ECLI:NL:RBDHA:2024:3398
Rechtbank Den Haag
- Voorlopige voorziening
- Rechtspraak.nl
Beoordeling van het rechtmatig verblijf van een Poolse gemeenschapsonderdaan in Nederland en de gevolgen van een verwijderingsmaatregel
In deze uitspraak van de Rechtbank Den Haag op 4 maart 2024, wordt het beroep van eiser, een Poolse gemeenschapsonderdaan, tegen de vaststelling van de staatssecretaris van Justitie en Veiligheid dat hij geen rechtmatig verblijf heeft in Nederland, beoordeeld.

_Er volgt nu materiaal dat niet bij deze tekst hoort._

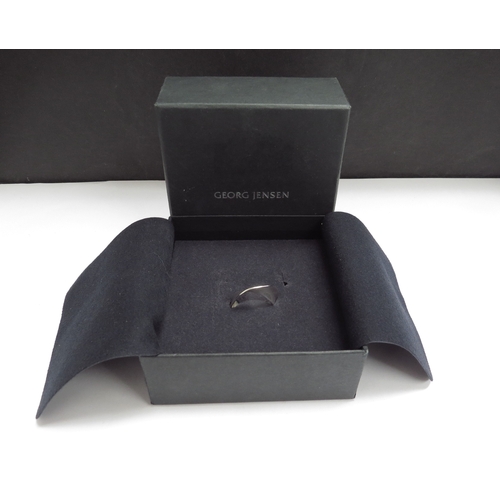 7104 - A Georg Jensen silver Mobius ring designed by Torun Bulow-Hube, #148. Size M, 3.9g, boxed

Eiser heeft een zwervend bestaan en is meerdere keren in aanraking gekomen met de politie, wat heeft geleid tot twijfels over zijn middelen van bestaan. De staatssecretaris heeft op 20 januari 2023 vastgesteld dat eiser geen rechtmatig verblijf heeft en dit besluit is in stand gebleven na bezwaar. Eiser verzoekt om een voorlopige voorziening, maar de rechtbank oordeelt dat de staatssecretaris niet in gebreke is gebleven in zijn informatieplicht over hoe eiser zijn verblijf kan beëindigen. De rechtbank concludeert dat de belangenafweging in het nadeel van eiser is uitgevallen, gezien zijn beperkte banden met Nederland en de omstandigheden van zijn verblijf.

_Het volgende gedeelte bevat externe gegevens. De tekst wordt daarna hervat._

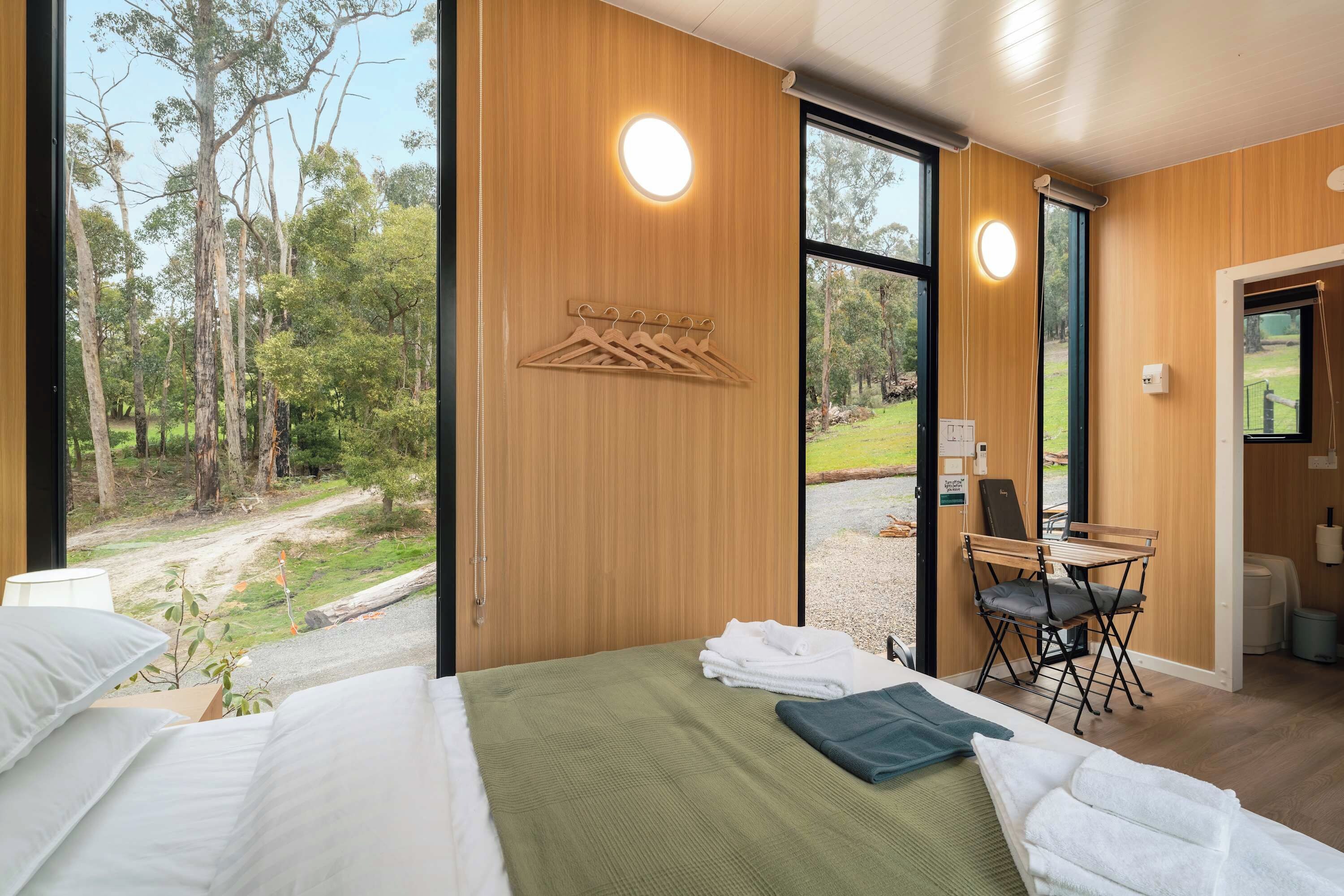 A bedroom with a bed, a desk, and a view of the outdoors.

De rechtbank stelt vast dat de vaststelling van het ontbreken van rechtmatig verblijf een declaratoir karakter heeft en dat het de verantwoordelijkheid van eiser is om te voldoen aan de voorwaarden voor verblijf. De rechtbank oordeelt dat de staatssecretaris voldoende rekening heeft gehouden met de relevante feiten en omstandigheden bij de belangenafweging. Eiser heeft geen sterke banden met Nederland en zijn verblijf kan als beëindigd worden beschouwd. De rechtbank verklaart het beroep ongegrond en het verzoek om een voorlopige voorziening niet-ontvankelijk, waarbij eiser geen proceskostenvergoeding ontvangt.